We sometimes forget that the Bible was written in a land surrounded by the desert. Rivers and water are symbols of God’s grace that brings life and refreshment. You could have a barren wasteland that, once it is irrigated, springs forth in glorious vegetation. Many of you have played on some amazing golf courses in California and Nevada that, absent water, would soon resemble the barren landscape that surrounds them.
Jesus is proclaiming what his church, his people will be like: river people. With God’s Spirit flowing out of us, into the desert of unbelief, God irrigates the world. Christianity isn’t about God making our life a little easier or slightly more comfortable—saving us so that we can enjoy an ideal little lake house safely sheltered from the rest of the world while we wait to go to heaven. It’s about us being committed to consistently turn away from ourselves and make sacrifices on behalf of God’s Kingdom:
We are called to become channels of God’s living water flowing freely through us to refresh others.
We weren’t created to be stinking, mosquito-infested lakes. We’re called to be rivers of life. And learning to cherish our spouse turns us into the kind of people who learn to submit and surrender to God so that his Spirit flows through us without limit. With God as our source, we don’t expect the desert to irrigate the river. The river never says to the desert, “Hey, when are you going to start doing something for me?” The river spills into the desert and brings life wherever it goes.
What if the challenge of learning to cherish our spouse, even an imperfect spouse, is one of God’s ways of shaping us into river people who give, instead of lake people who simply demand and take it all in?
If we truly want to be like Jesus, like so many of us say we do, we can’t forget that he said “It is better to give than to receive.” Jesus also said the Son of Man came not to be served, but to serve. In Genesis 12, Abraham was told he was being blessed so that he could be a blessing. And Israel’s call as a nation was to receive God’s favor so that his favor could one day spill out as a light to the Gentiles.
You can’t find a “lake” mentality in the Bible—taking all the water in, letting nothing out. It just doesn’t exist.
It’s all about being a river.
When the river stops flowing, the city dies.
At its height of power and influence, Rome boasted one million citizens. By the 12th century, it was down to 20,000.
From one million to 20,000. That’s an astonishing fall.

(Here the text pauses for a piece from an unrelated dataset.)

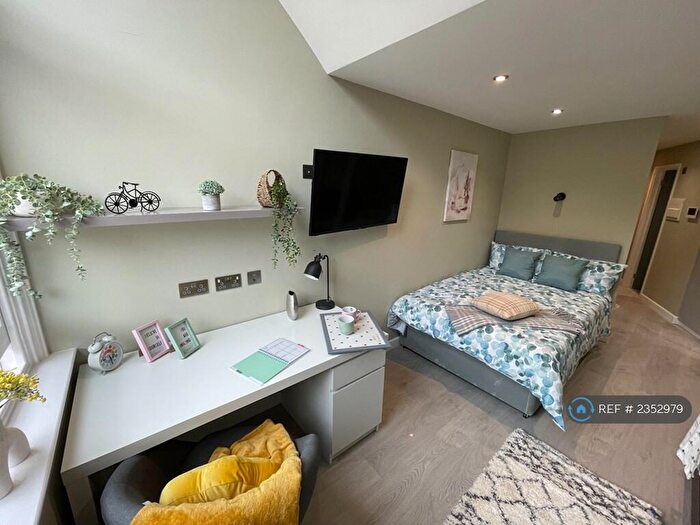 Studio To Rent In Broad Street, Nottingham, NG1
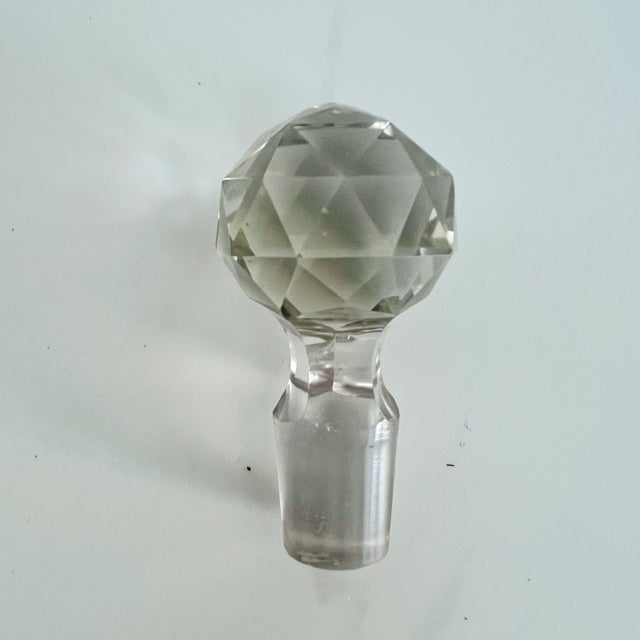 Hollywood Regency Antique Perfume Glass Bottle With Stopper Green Gold Ombre Vintage Cut Polished For Sale - Image 3 of 6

Volumes have been written about what happened, but the reality is rather simple: the barbarians destroyed Rome by destroying the aqueducts. Most cities in the centuries prior to and after the first century were decimated by the plague, but Rome escaped the worst of this disease because it had plentiful water running through the aqueducts. By taking out the aqueducts, the barbarians effectively made Rome a miserable place to live.
When you don’t have fresh water running through your heart and marriage out into the desert; when your life isn’t “We love because he first loved us” (1 John 4:19) but is rather, “When are you going to irrigate my desert?” then you’ll live with contempt. Your marriage, like Rome with its stopped-up aqueducts, will become a miserable place to live. You were created to be a river, letting God’s Spirit flow through you into the desert, not a lake.

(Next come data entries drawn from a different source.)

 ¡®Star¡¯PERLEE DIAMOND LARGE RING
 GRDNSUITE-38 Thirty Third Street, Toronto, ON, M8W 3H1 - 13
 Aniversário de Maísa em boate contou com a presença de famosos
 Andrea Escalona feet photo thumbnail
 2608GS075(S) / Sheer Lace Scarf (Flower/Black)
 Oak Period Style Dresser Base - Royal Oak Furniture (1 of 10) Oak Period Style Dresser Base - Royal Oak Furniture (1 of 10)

Learning to cherish your spouse is learning to be a flowing river. A river is active, constantly moving, receiving from God and letting out to others. So the call to cherish our spouse is a call to become what God created us to be: it trains us to view ourselves as river people, not as lake people.
Receive from God—every day, multiple times a day. Be blessed by Him so that you can be a blessing to others, beginning with your spouse. Then, together with your spouse, be a river of blessing to your community.
Don’t curse a desert for being a desert. What else could it be? Instead, be a channel for the river of life to make that desert (a spouse, a friend, a community) come alive.